The PET in September sought the legal opinion of the Solicitor General and the Commission on Elections (Comelec) on the so-called third cause of action in Marcos’ petition seeking to nullify votes from Basilan, Lanao del Sur, and Maguindanao due to alleged poll fraud and terrorism. It asked the OSG if the PET will infringe on Comelec’s mandate if it declares failure or annulment of elections.
In the comment released to the media on Tuesday, the OSG said it is within PET’s jurisdiction and doing so will not step on the duties of the poll body — citing the Section 4(7), Article VII of the 1987 Constitution. The OSG said the Constitution, however, is “silent” on the PET’s powers to call for special elections should the tribunal declare failure or annulment of election.
“The Presidential Electoral Tribunal has the power to declare the annulment of elections or a failure of elections without infringing upon the authority of Comelec, but PET has no concomitant power to order the conduct of special elections,” the OSG wrote in its 40-page comment.
In his electoral protest filed a month after the 2016 election was held, Marcos urged the high court to nullify the votes from the three Mindanao provinces for “massive fraud.” He also casted doubts on the poll results following his claim of “widespread presence of terrorism, violence, threats, coercion, force, intimidation and harassment of voters as well as pre-shading of ballots in all of the 2,756 clustered precincts.”

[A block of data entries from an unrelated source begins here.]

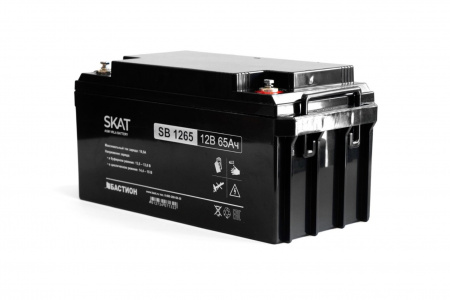 SKAT SB 1265 АКБ свинцово-кислотная тип AGM 12V 65Ач Iзар.19,5А, клеммы под болт М6 Фото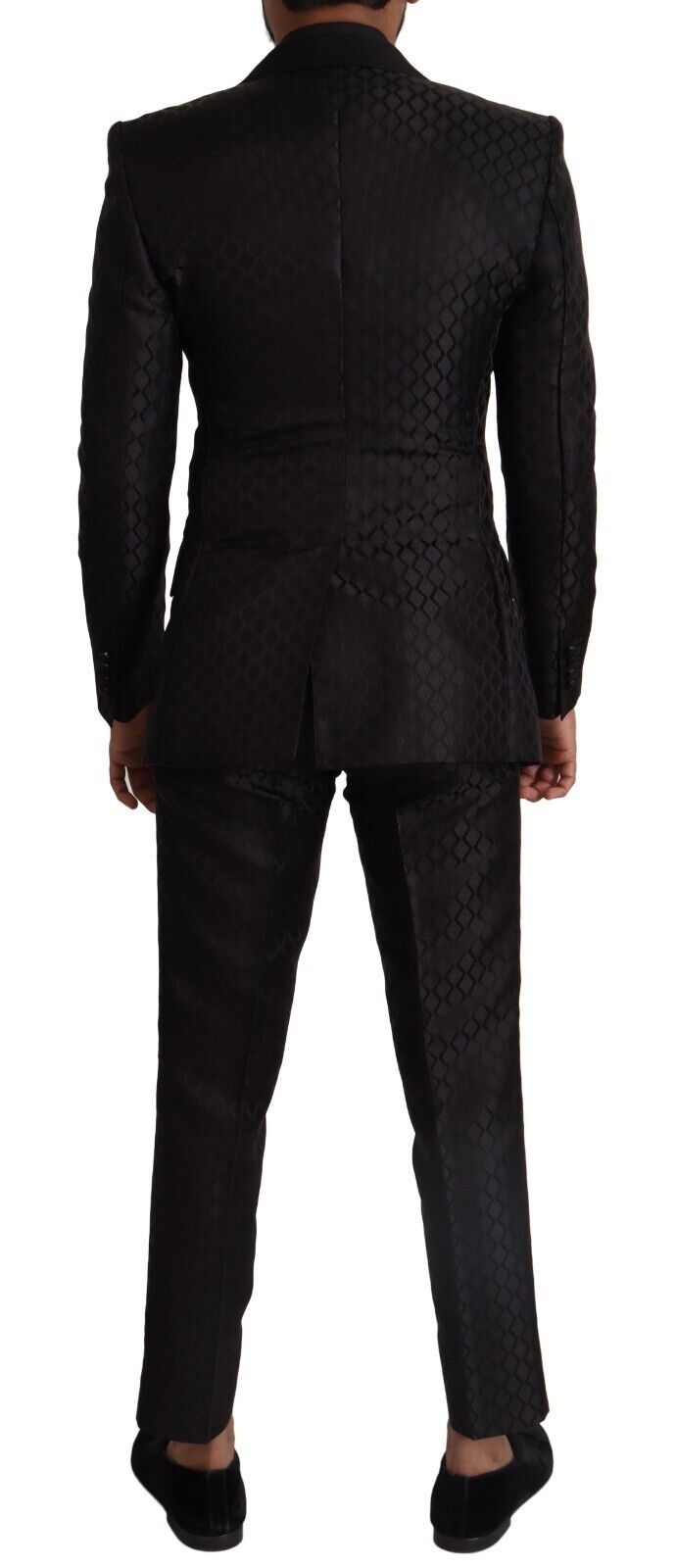 Black Silk Slim Fit Patterned 2 Piece Suit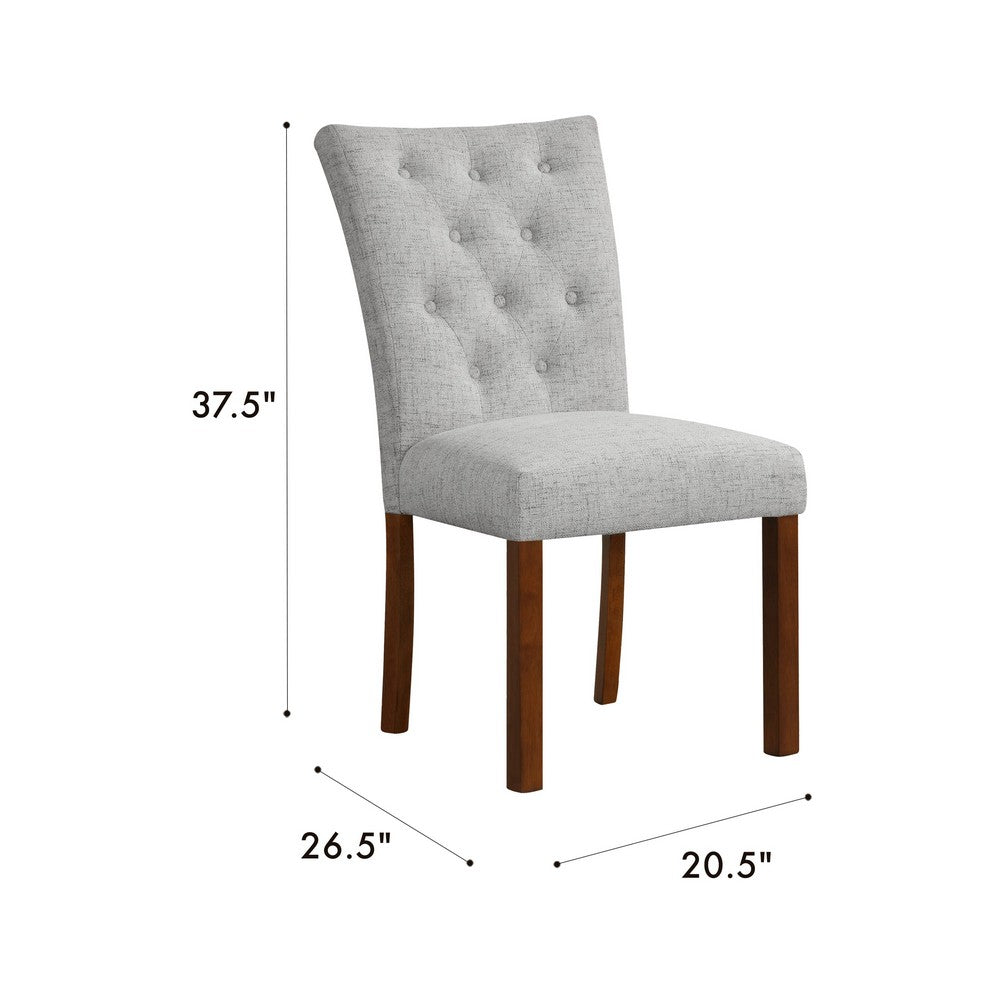Benjara Rei Parsons Dining Chair Set of 2, Gray Woven Button Tufted Fabric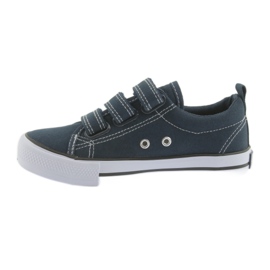 Zapatillas American Club con velcro azul marino blanco 2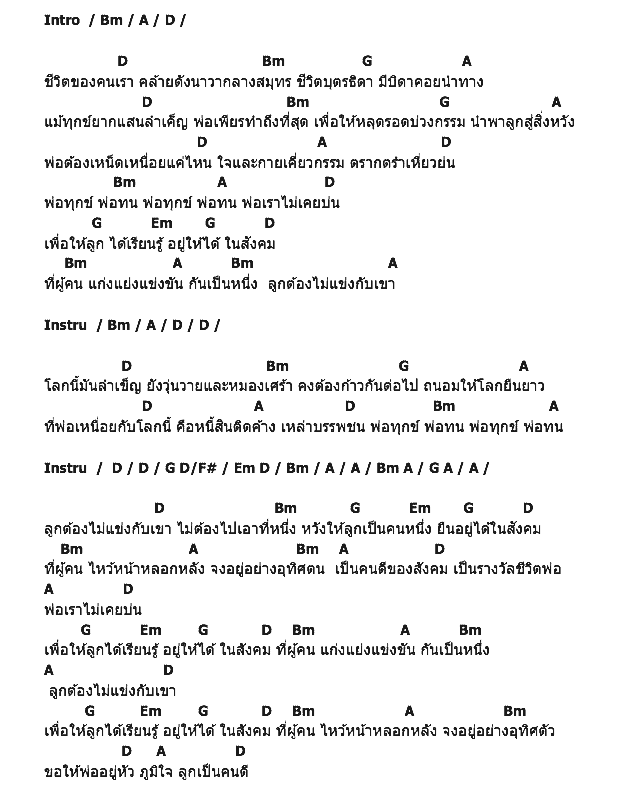 คอร์ดเพลง เนื้อเพลง พ่อทูนหัว, คอร์ดเพลง พ่อทูนหัว ของ คาราบาว, คอร์ดเพลงของ คาราบาว, เนื้อร้อง พ่อทูนหัว คาราบาว, พ่อทูนหัว คอร์ดง่าย ๆ, คอร์ด พ่อทูนหัว ต้นฉบับ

The Solicitor General also said that even if the votes from Maguindanao, Lanao, and Basilan are declared null and void, the winner of the vice presidential race will be “easily determinable.”
“On the contrary, the ultimate winner, or the one with the majority (or plurality) of the valid votes cast, is easily determinable,” the OSG said.
The Comelec, in its own comment, agreed the PET has the power to annul the election results. But it insisted the tribunal cannot conduct special elections.
Robredo received 477,985 votes in Lanao del Sur, Basilan, and Maguindanao against Marcos’ 169,160 votes. Annulling the votes from these provinces would effectively wipe out Robredo’s lead during the May 2016 elections.
Marcos lodged an electoral protest against Robredo on June 30, 2016, questioning the results of the polls. Robredo was proclaimed vice president after clinching a lead of 263,473 votes against Marcos. A recount began in April 2018 covering polling precincts in Iloilo, Camarines Sur — Robredo’s bailiwick — and Negros Oriental, which were areas handpicked by Marcos’ camp.
The tribunal, in October 2019, found that Robredo’s lead grew by around 15,000 votes or a total of 278,566 votes after a recount of ballots from the 5,415 clustered precincts in the pilot provinces of Camarines Sur, Iloilo, and Negros Oriental.
Supreme Court Justices Benjamin Caguioa and Antonio Carpio voted to dismiss Marcos’ electoral protest due to the violation of PET’s Rule 65, which states that a protestant should choose for recount not more than three provinces “best exemplifying the frauds or irregularities alleged in his petition.”